Tesat profitiert vom Satelliten-Boom

Der Nährboden für die Zukunftsbranche Luft und Raumfahrt ist in der Region fruchtbar. Das zeigt auch ein Beispiel vom anderen Ende der Region. Die Tesat-Spacecom GmbH in Backnang hat ihre Wurzeln in der Telekommunikationssparte von AEG. Nach einem langen Zwischenspiel in der Bosch-Familie ging das Unternehmen Anfang des Jahrtausends in den Besitz des EADS-Konzerns über, erhielt seinen heutigen Namen und wird heute als eine Tochterfirma von Airbus geführt.

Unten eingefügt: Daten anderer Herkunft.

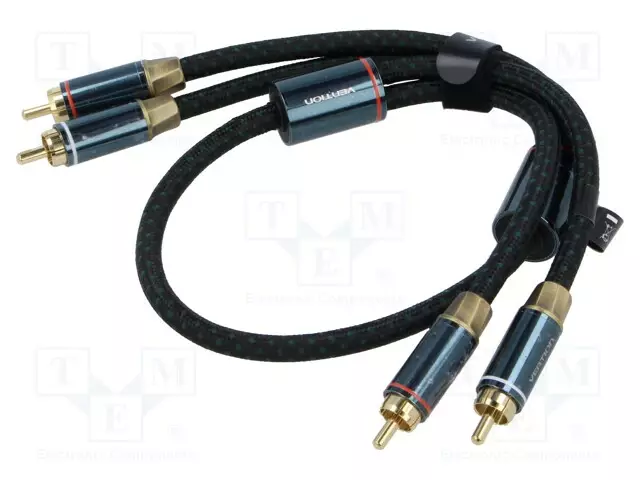 KAAPELI - RCA-PISTOKE X2,MOLEMMIN PUOLIN - 0,5M - MUSTA - TEKSTIILI - Muut audio-videokaapelit - BCUGD - 1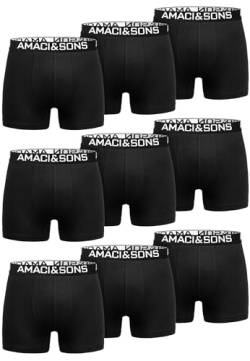 Amaci&Sons Herren Boxershorts Baumwolle 9er Spar-Pack Männer Unterhose Unterwäsche 9x9005 Schwarz/Schwarz M von Amaci&Sons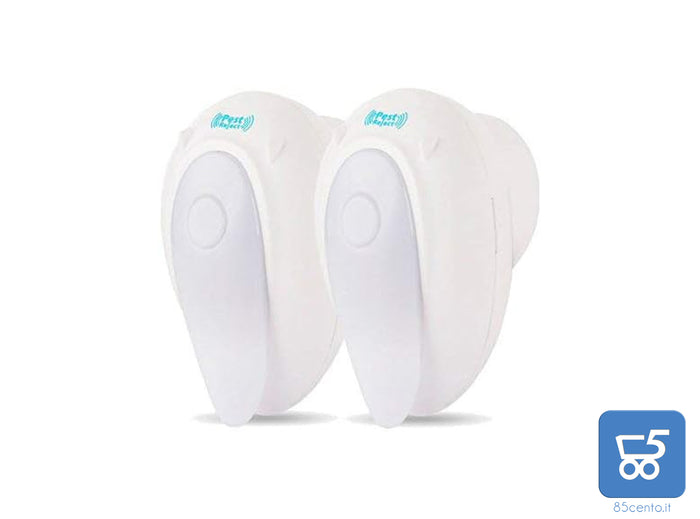 Repellente Zanzare Ultrasuoni Spina Europea Luce LED Notturna Topi Insetti 2 pezzi
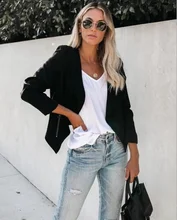 

Zipper Pocket V-Neck Buttonless Blazer Women Solid Colors Casual Office Blazer 2021 New Fashion Commute Clothing Lady Wear Work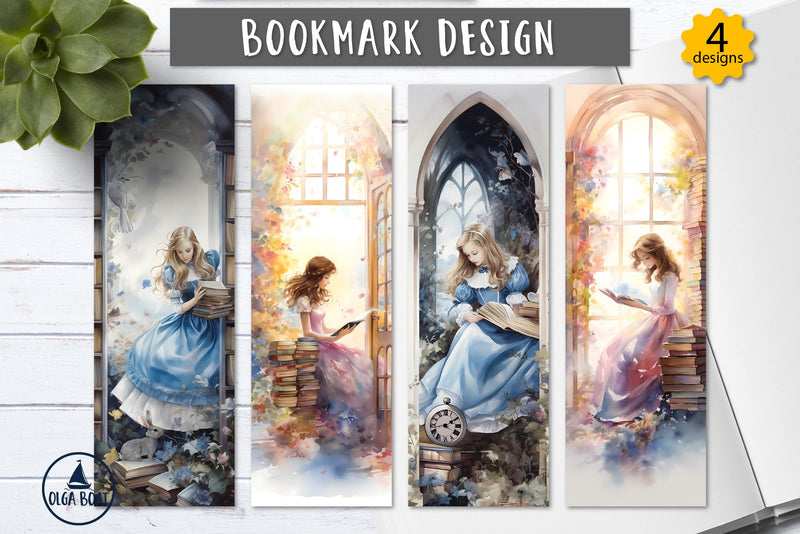 Girl with book bookmarks | Watercolor bookmark sublimation Sublimation Olga Boat Design 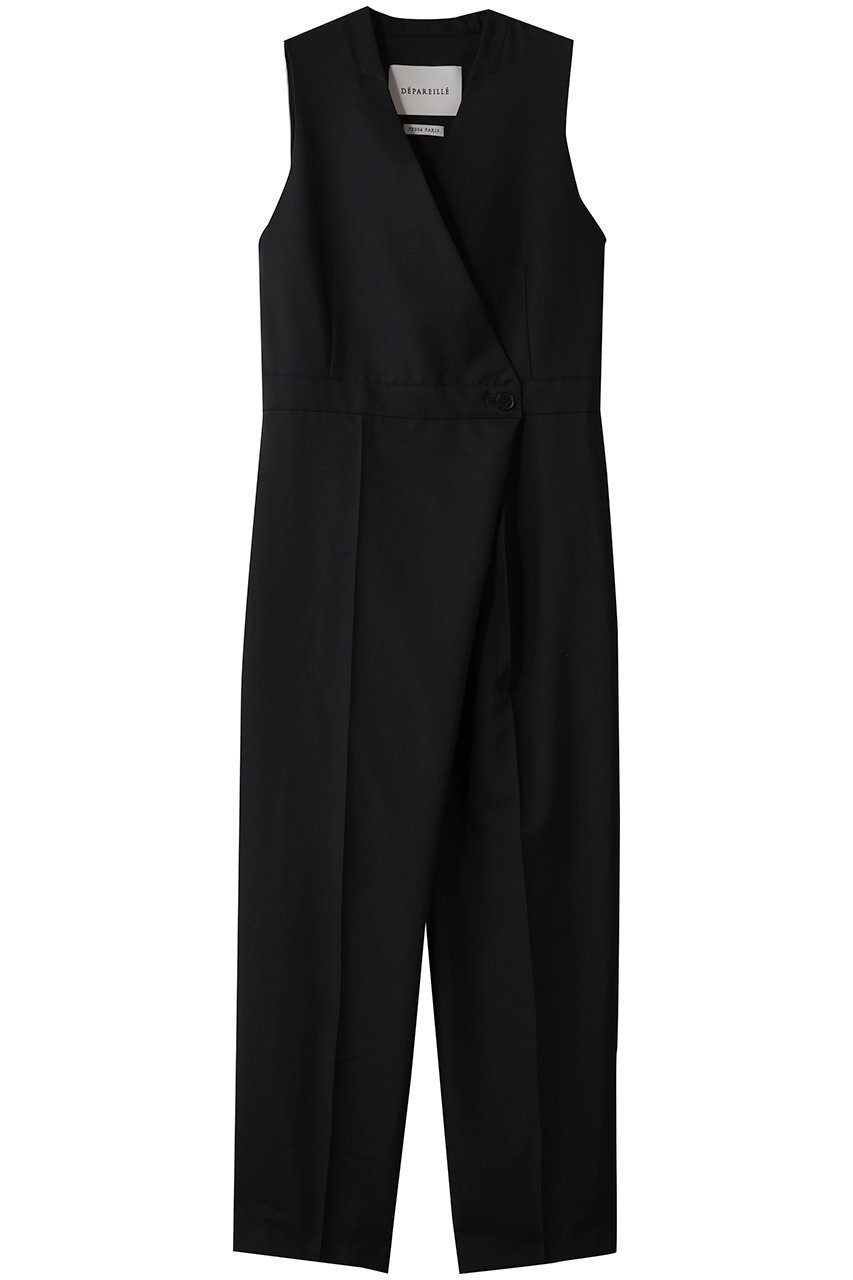 【デパリエ/DEPAREILLE】のモヘアポプリンコンビネゾン インテリア・キッズ・メンズ・レディースファッション・服の通販 founy(ファニー) 　ファッション　Fashion　レディースファッション　Fashion for Women　パンツ　Pants & Trousers　インナー　Innerwear　コンビネゾン　Jumpsuit, All-in-One　ノースリーブ　Sleeveless, No-Sleeve　ラップ　Wrap, Wrap Design　ロング　Long, Long-Length　エレガント 上品　Elegant　ブラック|ID: prp329100004762868 ipo3291000000035478560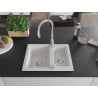 Mexen Carlos granite sink 1.5-bowl with Savita kitchen tap, white - 6518-20-672601-00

Tesat-Geschäftsführer Thomas Reinartz.
Tesat-Geschäftsführer Thomas Reinartz. © Silicya Roth
Dennoch agiert Tesat mit seinen derzeit 1200 Mitarbeitern sehr selbstständig, denn das Kerngeschäft, die Produktion von Sendetechnik für die Satellitenkommunikation, reicht weit über den Mutterkonzern hinaus, wie Geschäftsführer Thomas Reinartz erklärt. Rund 75 Prozent ihrer Umsätze machen die Backnanger außerhalb der Airbus-Programme, etwa 60 Prozent in den USA. Zu ihren Kunden zählen Konzerne wie Thales Alenia Space, OHB, Lockheed Martin oder Northrop Grumman, auch praktisch alle europäischen Forschungsinstitute im Bereich der Luft- und Raumfahrt. „Unser Auftragsbestand liegt derzeit bei historisch hohen 700 Millionen Euro“, freut sich Reinartz.

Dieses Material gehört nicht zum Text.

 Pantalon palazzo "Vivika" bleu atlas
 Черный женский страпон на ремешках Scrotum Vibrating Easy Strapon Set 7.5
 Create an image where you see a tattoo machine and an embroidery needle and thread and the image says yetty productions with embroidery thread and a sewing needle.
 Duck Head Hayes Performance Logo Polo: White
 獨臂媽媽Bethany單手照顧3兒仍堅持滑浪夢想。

So gut waren die Aussichten aber nicht immer. „Früher waren wir der Hoflieferant für praktisch alle geostationären Satelliten“, sagt Reinartz. „Wir produzierten pro Jahr 13 von 26 Einheiten, eine sehr große Menge für die Branche.“ Geostationäre Satelliten bleiben in einer sehr weiten Umlaufbahn (ca. 36.0000 Kilometer) mehr oder weniger über demselben Punkt der Erde. Vor knapp einem Jahrzehnt brach der Markt zusammen, heute werden in Backnang für diesen Satellitentyp nur noch sechs Sendeeinheiten pro Jahr gefertigt. Der Grund: Moderne Satelliten werden zunehmend in eine mittlere (mehr als 1200 Kilometer) oder eine erdnahe (200 bis 1200 Kilometer) Umlaufbahn gebracht. Dort bekommen sie nicht so viel schädliche Strahlung ab und umrunden die Erde mehrfach pro Tag, wobei sie eine große Menge Messdaten aufnehmen und senden können.

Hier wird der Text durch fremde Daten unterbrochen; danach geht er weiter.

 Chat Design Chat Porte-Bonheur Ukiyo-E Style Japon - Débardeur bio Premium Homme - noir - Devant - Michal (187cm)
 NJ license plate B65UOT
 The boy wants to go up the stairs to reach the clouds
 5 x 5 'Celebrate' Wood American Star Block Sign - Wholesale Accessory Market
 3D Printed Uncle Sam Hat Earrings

„Wir mussten erst einmal durch ein tiefes Tal der Tränen“, so Reinartz. Restrukturierung war angesagt, die Belegschaft schrumpfte um fast 20 Prozent. Als der heute 52-Jährige vor drei Jahren das Ruder in Backnang übernahm, war die Transformation noch am Anfang. Die TESAT musste sich auf die neuen Marktgegebenheiten einstellen und das Produktportfolio erweitern, wie z.B. die Digitalisierung der Datenübertragung und der Kommunikation zwischen Satelliten mittels Laser und Radiofrequenz. Dazu muss man wissen, dass Satelliten ihre Messdaten – etwa Temperatur, Luftmassenbewegung oder die Position von Schiffen und Flugzeugen – mittels Röhrentechnologie verstärken und zur Erde schicken. Diese „Wanderröhrenverstärker“ und die zugehörige Elektronik sind eine Spezialität von Tesat. Gerade für die erdnahen Trabanten gibt es mittlerweile auch digitale Alternativen, und in diesem Markt mischt das Backnanger Unternehmen gut mit.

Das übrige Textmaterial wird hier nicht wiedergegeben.